* [Data for this task]
────

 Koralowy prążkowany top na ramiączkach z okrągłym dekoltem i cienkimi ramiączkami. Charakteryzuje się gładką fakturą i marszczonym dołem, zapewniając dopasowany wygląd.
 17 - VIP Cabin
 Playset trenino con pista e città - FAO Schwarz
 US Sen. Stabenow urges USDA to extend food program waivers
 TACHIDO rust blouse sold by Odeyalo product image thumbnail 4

────

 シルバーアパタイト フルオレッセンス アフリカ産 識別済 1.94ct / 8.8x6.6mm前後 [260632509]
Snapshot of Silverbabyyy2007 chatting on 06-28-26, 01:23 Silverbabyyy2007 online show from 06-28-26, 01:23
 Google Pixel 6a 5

────

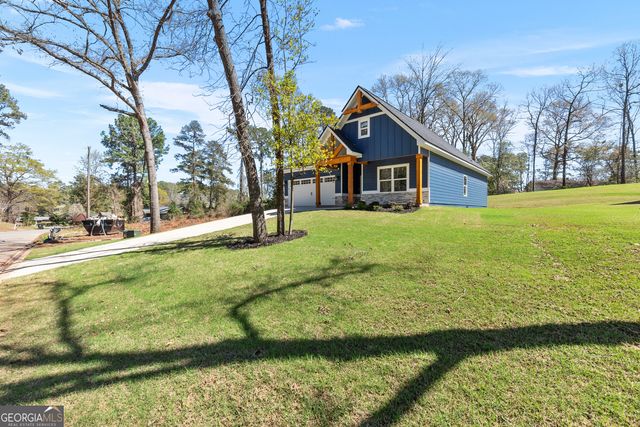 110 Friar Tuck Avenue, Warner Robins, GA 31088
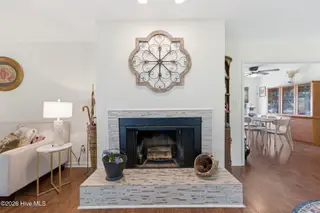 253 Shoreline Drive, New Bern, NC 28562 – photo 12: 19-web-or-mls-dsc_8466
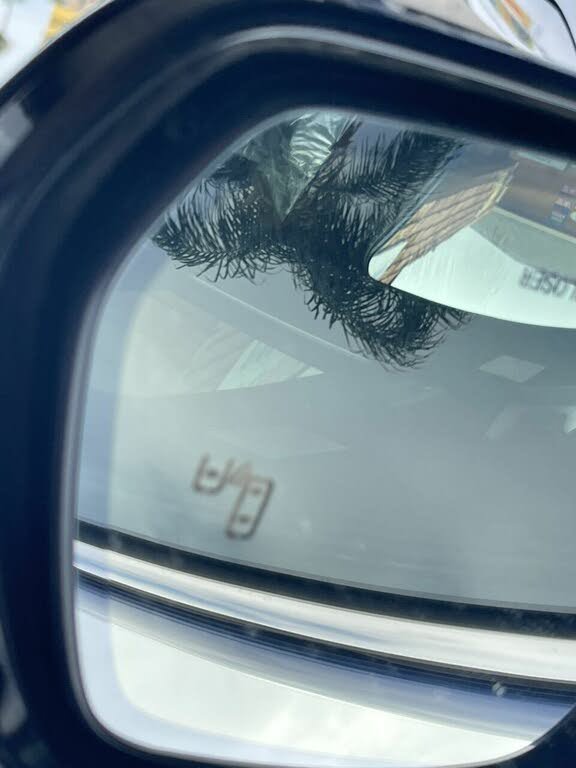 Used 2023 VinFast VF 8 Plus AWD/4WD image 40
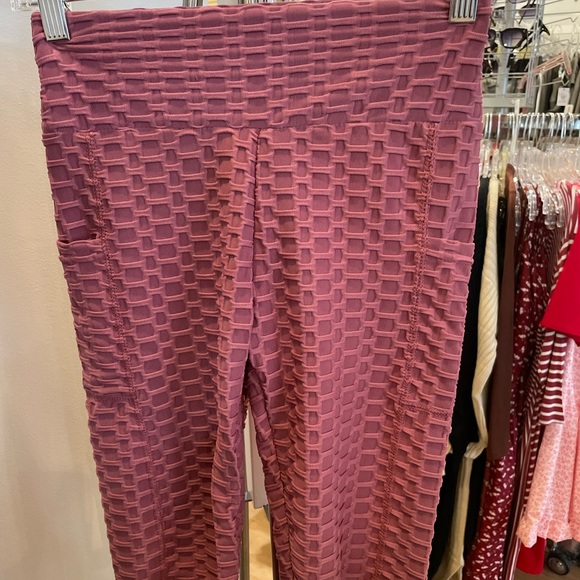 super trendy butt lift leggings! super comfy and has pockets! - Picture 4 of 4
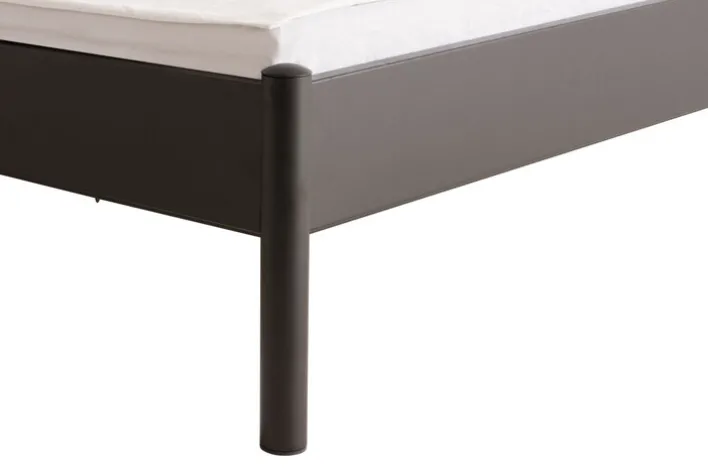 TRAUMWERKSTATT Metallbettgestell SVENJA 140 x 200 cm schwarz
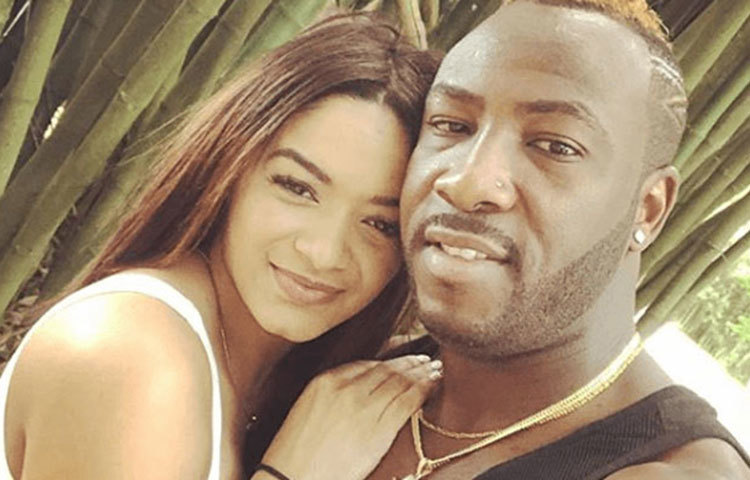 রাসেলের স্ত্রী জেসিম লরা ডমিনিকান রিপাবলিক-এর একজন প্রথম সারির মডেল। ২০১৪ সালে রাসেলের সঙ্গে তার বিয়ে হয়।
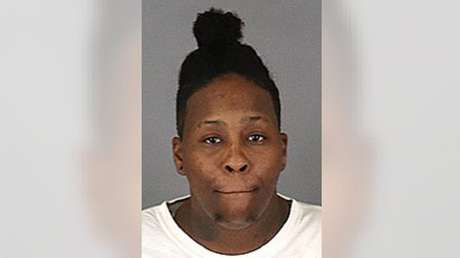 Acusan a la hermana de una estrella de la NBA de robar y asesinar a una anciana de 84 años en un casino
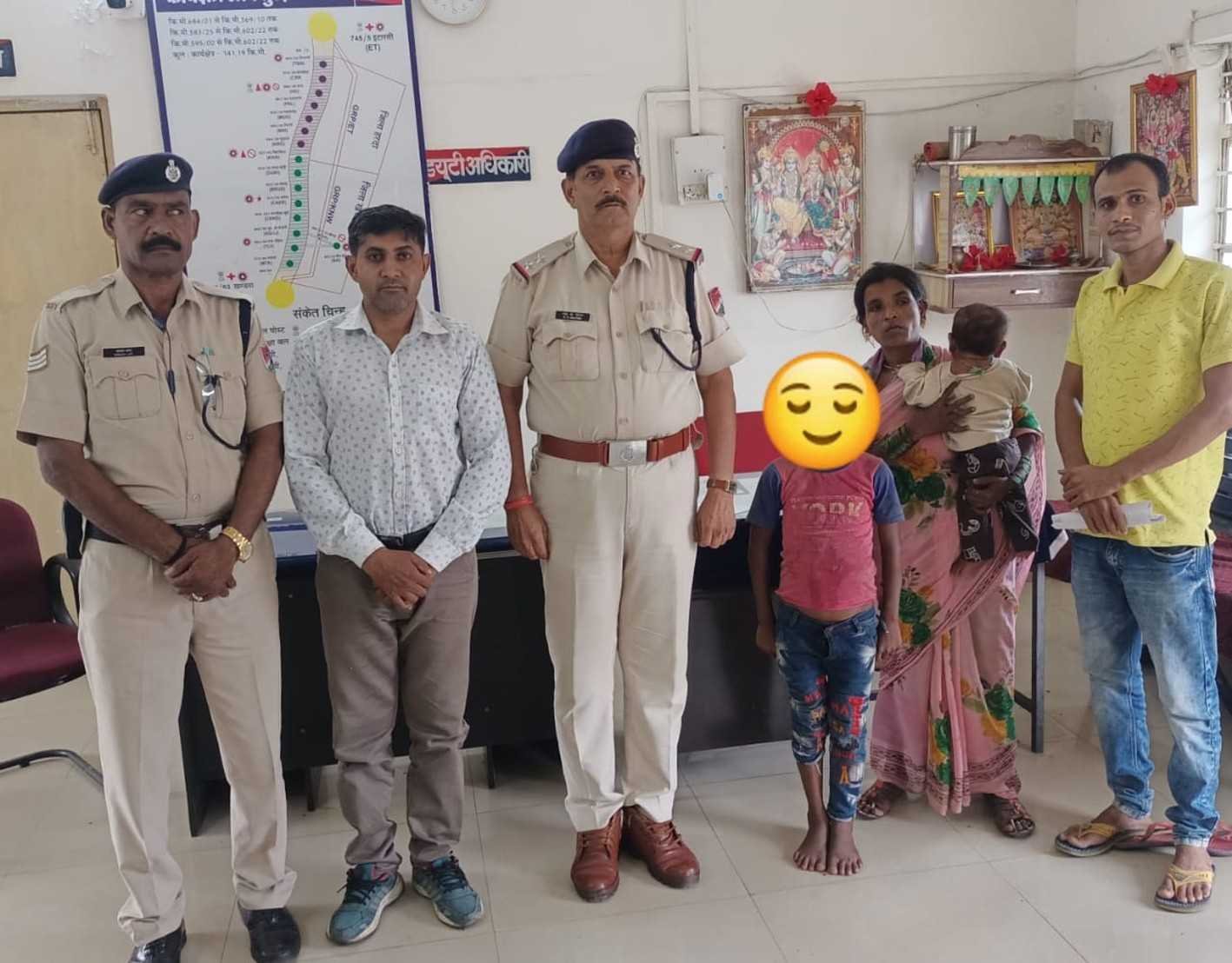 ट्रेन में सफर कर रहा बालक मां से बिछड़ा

────

With the pictures removed from your copy, retype the lines above from the one that contains "Acusan a la" through the one that contains "ट्रेन में सफर कर रहा बालक मां से बिछड़ा", exactly.

* [Task response]
 Acusan a la hermana de una estrella de la NBA de robar y asesinar a una anciana de 84 años en un casino
 ट्रेन में सफर कर रहा बालक मां से बिछड़ा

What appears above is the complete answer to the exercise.